Whiting estimates that he sells half a million individual feathersevery month. The majority of his stock is exported overseas. The remaining one-fourth is reserved for the U.S. domestic market. Whiting said he’s hoping to hold off increasing demand from overseas markets because he cannot fulfill current domestic orders.
He admits the shift from fishing to fashion has caused a furor in some corners.
In the past two years, prices have shot from $50 a saddle (a group of 160 feathers) to $200 to $300 a saddle, Whiting said. In some extreme cases, a saddle can fetch $1,500.
“There has been a lot of press about how enraged fishermen are because they are tired of people buying feathers for hair extensions,” he said. “The reaction runs the gamut.”
Capt. Bill Curtis, who works at the fly fishing department at Bass Pro Shops in Doral, said while women have flocked to the store to buy feathers for their hair over the past year, it hasn’t caused a shortage.
Whiting finds the new fashion craze ironic.
“For 20 years, I tried to find other outlets.
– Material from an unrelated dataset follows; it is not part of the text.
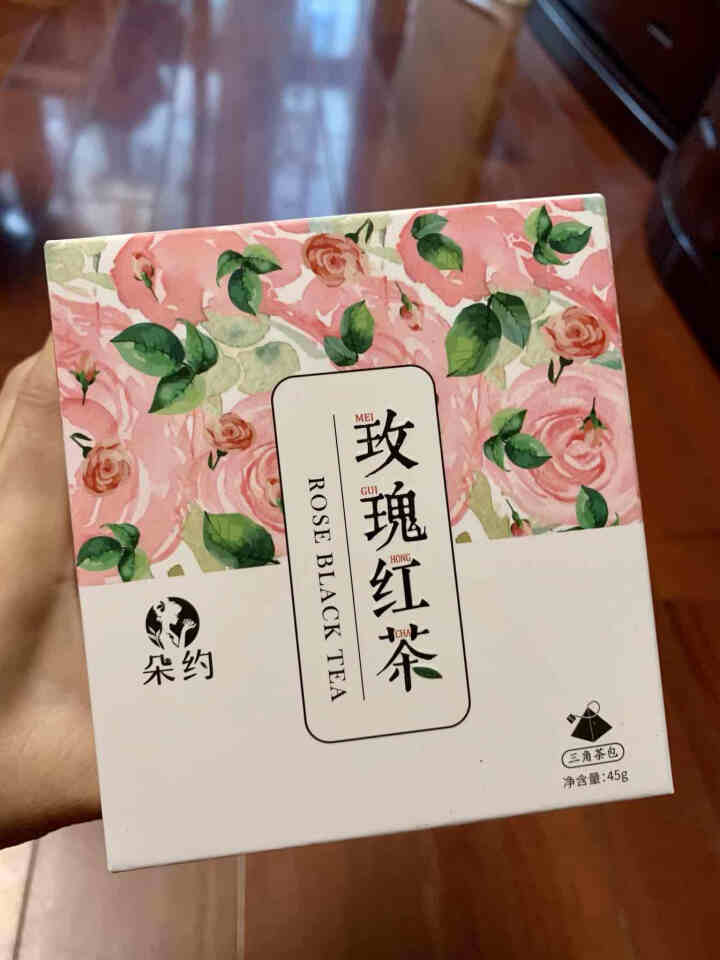 朵约玫瑰花茶叶 红茶养生花草茶包袋泡茶45g怎么样，好用吗，口碑，心得，评价，试用报告,第2张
I sold some feathers for Las Vegas showgirls’ costumes or for Hawaiian leis. It was negligible,” he said. “Then, these hair extensions came along and took on a life of their own.”
At Featherlocks headquarters, dogs sometimes roam the offices, which have an airy, modern feel. There’s a bank of computers and phones, where customer service representatives take orders or answer questions.
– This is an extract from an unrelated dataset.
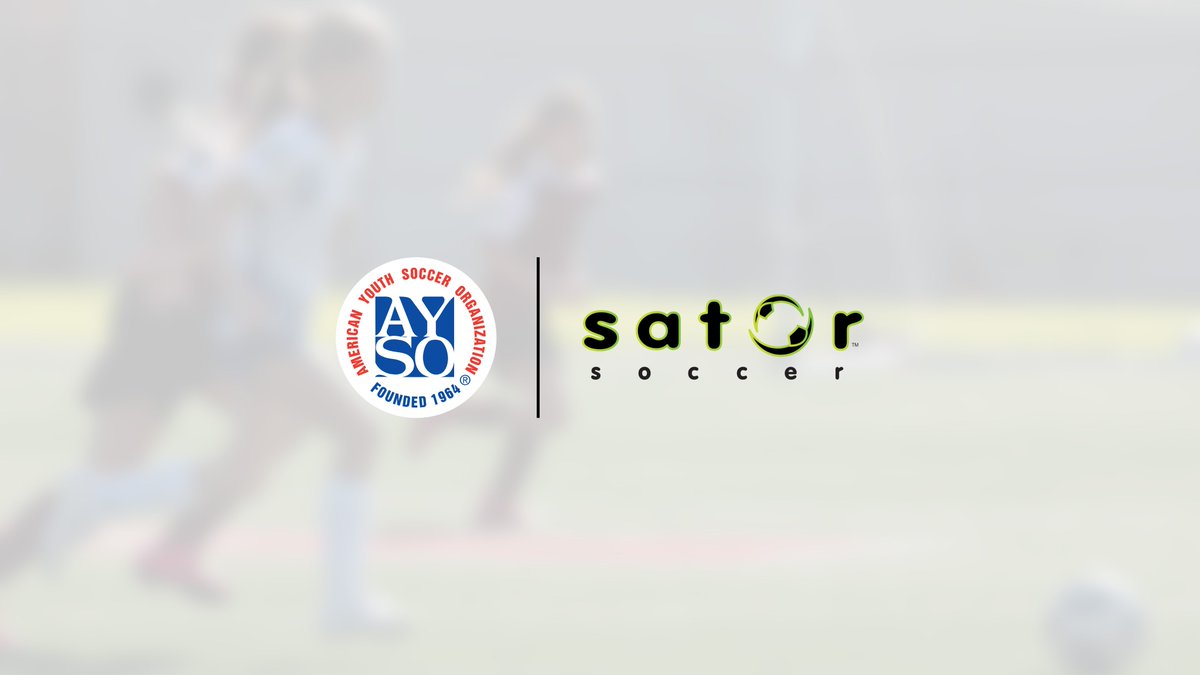 AYSO_Soccer's tweet photo. AYSO has renewed and expanded its partnership with @satorsoccer as our Official Soccer Goal Provider ⚽

As youth soccer participation grows ahead of the 2026 World Cup, this partnership helps ensure safe, reliable equipment for communities nationwide.

https://t.co/7K51VStmTs https://t.co/70f4beb4Vu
A large space behind the foyer is a sorting room, where employees assemble packets of feathers. The company employs between 25 and 30 people.
The building, it turns out, had once been owned by their great-grandfather, Donald Lavigne, a tailor originally from Russia. He manufactured uniforms for hotel workers, police officers and firefighters there from the 1950s through the 1970s.
“It made me feel like it was meant to be,” said Donya, who wears two hats: chief financial officer and chief operating officer. Alexandra comes up with design ideas and new products.
The sisters have launched other products, too. There are Puppy Locks, or feathers for dogs. Those come from female roosters, which have shorter, wider feathers, Whiting said.
Whether or not the feathery extensions will fade as a fad is anyone’s guess.
Meanwhile, the sisters are coming up with new items. Feathers in fall colors: golds, browns, reds and yellows. Also in the works: braiders, or feathers that can be attached to people’s braids.
“People like the path of least resistance,” Donya said. “If someone has it available, they just buy it.”